Nello stesso anno in cui viene cagato sul mercato Wii Motion Plus il mai troppo compianto Satoru Iwata annuncia Wii Vitality Sensor, un’altra periferica per Wii che in teoria connettendosi a Wiimote (sempre usando la porta usata anche per collegare i Nunchuck) doveva essere in grado di dare informazioni sul corpo dell’utente, tipo la frequenza cardiaca e robe così. Nel 2013 lo sviluppo viene ufficialmente cancellato (il che rende questa voce della lista una banfata, visto che Nintendo non ha mai tecnicamente provato a venderci Vitality Sensor) perché, sempre stando alle parole di Iwata, non c’era verso di realizzare con la tecnologia dell’epoca una roba del genere che funzionasse col 100% dei possibili utilizzatori. Oggi abbiamo sensori di questo tipo su smart watch e smart ring, e il mercato dei wearable per tenere sotto controllo questi parametri corporei qua (o roba come appunto la qualità del sonno) è in rapida espansione. Perché oh, tutto quello che vuoi, ma c’è del metodo nella follia di Nintendo…
It’s the Circle of Pad
…O almeno, a volte sembrerebbe esserci. Altre volte li vedi lanciare la loro console di punta pensandola con un solo stick analogico per poi rilasciare l’ennesimo accrocchio hardware per aggiungerne un secondo in bundle con Monster Hunter 3 Ultimate (o con Resident Evil: Revelations in Europa). E non paghi della mossa Circle Pad Pro comunicare pure alla loro fanbase che no, non è assolutamente in previsione un modello di 3DS col secondo analogico integrato, e infatti il nostro nuovo (all’epoca, era il 2011) 3DS XL non ce l’ha mica, abbiamo solo ingrandito la console per mettere una batteria più grossa.
Ovviamente con “non è assolutamente in previsione” Nintendo intendeva che da lì a tre anni, nel 2014, avrebbero tirato fuori New Nintendo 3DS inserendo quello che a conti fatti è un secondo analogico (più piccolo) chiamato C-Stick.
Che oh, intendiamoci, non era una sorpresa che sarebbe uscito a ridosso della fine del ciclo vitale di 3DS un nuovo modello di 3DS. Game Boy ha avuto Game Boy Color, GBA ha avuto SP e poi Micro, DS ha avuto DSi, Switch ha avuto Switch OLED (e c’è anzi andata bene che non siano usciti dei giochi in esclusiva solo per questo modello). Quello che fa incazzare è dover spendere 20€ per risolvere un problema di progettazione di quello che è il tuo hardware di punta e vedertelo rifare paro paro al primo refresh hardware della macchina, solo perché così dopo 3DS XL magari mi vendi pure il modello New.

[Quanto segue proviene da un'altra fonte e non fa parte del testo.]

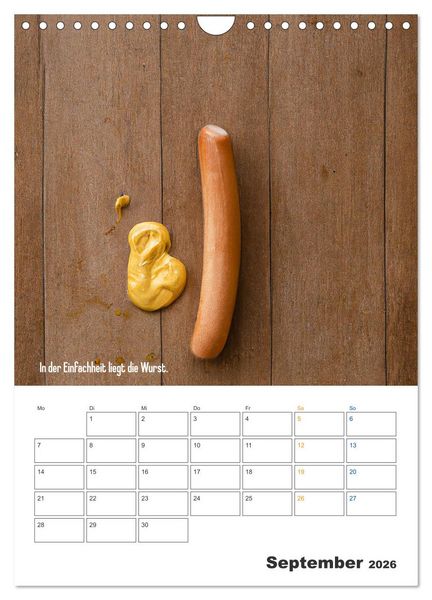 Produktbild: Ist mir Wurst Kalender (Wandkalender 2026 DIN A4 hoch), CALVENDO Monatskalender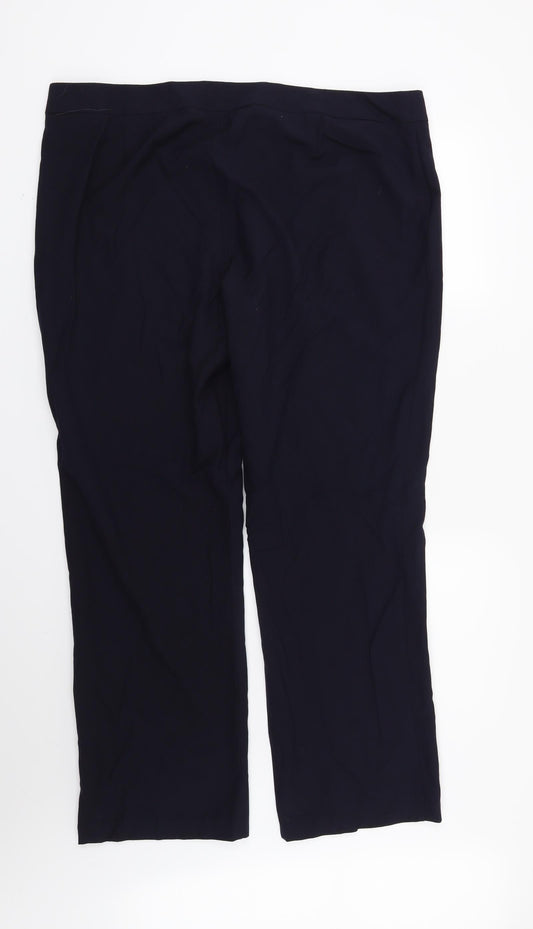 Marks and Spencer Mens Blue Trousers Size 20 L30 in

Guarda mamma, come lo scudetto dell’Inter!
Dai, è la title-shit di questa lista. Era prevedibile che ci fosse uno spazio tutto dedicato a Nintendo Labo, in quanto probabilmente uno dei più grossi nonsensi proposti da Nintendo – e stiamo parlando di quelli che han pensato fosse una buona idea un visore pseudo-VR con uno schermo completamente rosso.

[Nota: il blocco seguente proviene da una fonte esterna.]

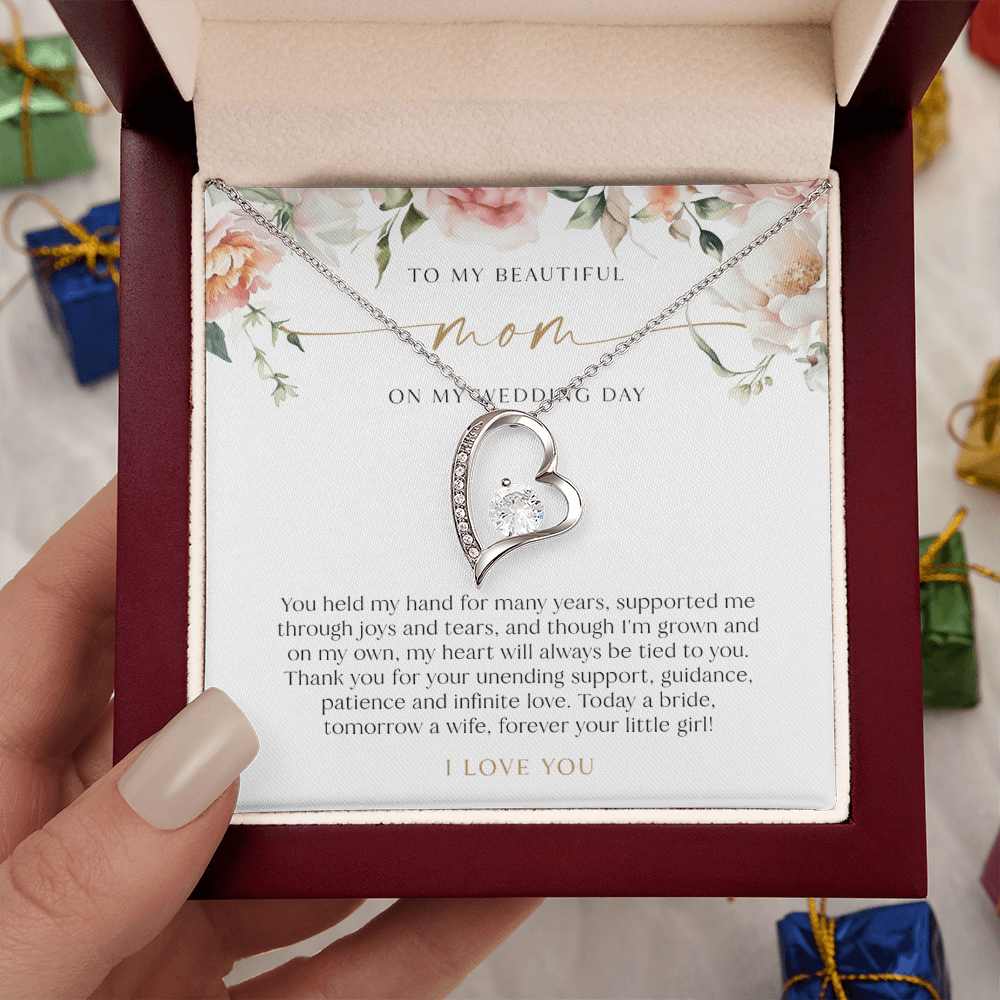 Mother Of The Bride Gift - Heart Necklace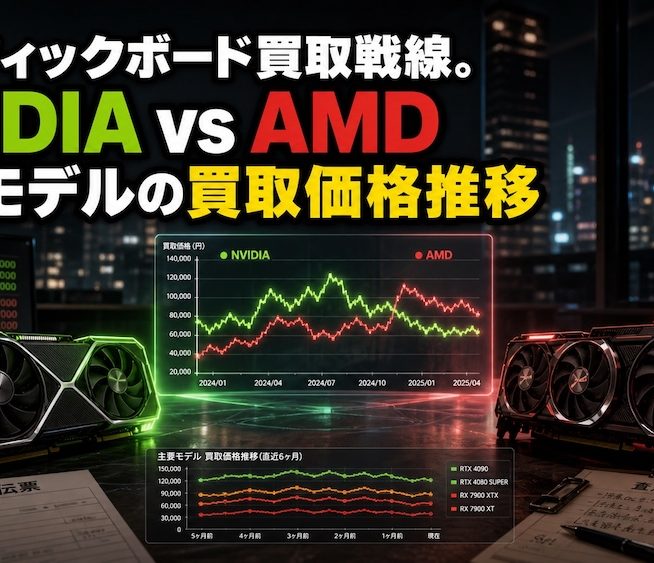 グラフィックボード買取戦線。NVIDIA vs AMD、最新モデルの買取価格推移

Nintendo Labo era la pretesa di Nintendo di vendere a 60€ del cazzo di cartone.
Possiamo ammantarla come ci pare, parlare del fatto che no ma mica paghi solo il cartone, in realtà è il software per usarlo e poi non ci vuoi mettere i costi di ricerca & sviluppo e altre cagate del genere, ma la sostanza rimane questa: Nintendo voleva vendere al prezzo di un loro gioco di prima fascia questi kit per realizzare giocattoli di cartone sfruttando i Joy-Con e poi boh, immagino dovessi tenerti il risultato assemblato da qualche parte in casa e sperare che non marcisse.
Sul sito di Labo in realtà c’è una scrittina “ti servono delle parti di ricambio?” con un link appiccicato sopra, peccato che ad oggi porti a una pagina 404. Chissà quanti bambini in lacrime perché non possono recuperare i ricambi del robot (te lo dico io: due. Tutti e due figli di nintendroni, per cui il fatto che stiamo soffrendo è karma).
Vuoi ridere ancora di più? Sulla pagina del kit Toy-Con 1 (il kit assortito) c’è un’altra meravigliosa scritta. “Nintendo Switch – Modello OLED non è compatibile con il piano Toy-Con e la moto Toy-Con di Nintendo Labo: Kit assortito.”
Mario Kart IRL
La chiuderei in bellezza con una roba che alla fine se settiamo l’asticella su Labo è pure più che giustificabile, ma continua a non avere un cazzo di senso. Nintendo ad un certo punto del ciclo vitale di Switch tira fuori Mario Kart Live Home Circuit. Il gioco di per sè è gratuito su eShop, ma per poter giocare richiede che venga acquistato almeno un modellino di kart (Mario o Luigi) ad un modico centone. Il perché? Facile, sul modellino c’è anche una telecamera e sono inclusi anche dei gate per creare dei circuiti a casa propria, dove poi si può far correre il kart sfidando la CPU in Realtà Aumentata o altra gente che ha speso malissimo i suoi soldi.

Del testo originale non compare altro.